Exercise objective - Beginning with the line that holds "FOTOS: Bajo máxima" and finishing with the line that holds "Glowing neon line", repeat the listing exactly, leaving every picture out.

Records shown -
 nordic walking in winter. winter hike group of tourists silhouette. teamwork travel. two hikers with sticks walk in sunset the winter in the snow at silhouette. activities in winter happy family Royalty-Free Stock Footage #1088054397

---

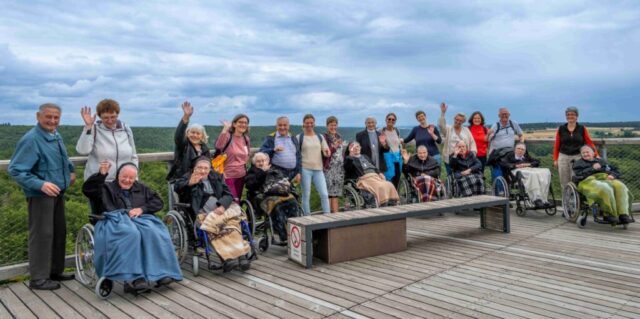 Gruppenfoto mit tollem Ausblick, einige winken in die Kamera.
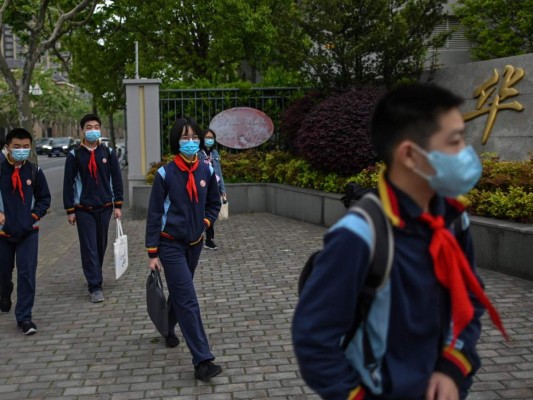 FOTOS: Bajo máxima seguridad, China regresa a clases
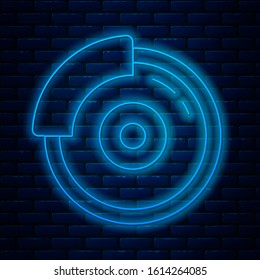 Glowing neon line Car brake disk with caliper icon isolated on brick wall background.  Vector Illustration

==

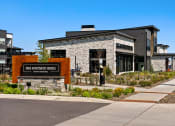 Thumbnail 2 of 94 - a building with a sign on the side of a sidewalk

Response for this exercise -
 FOTOS: Bajo máxima seguridad, China regresa a clases
 Glowing neon line Car brake disk with caliper icon isolated on brick wall background.  Vector Illustration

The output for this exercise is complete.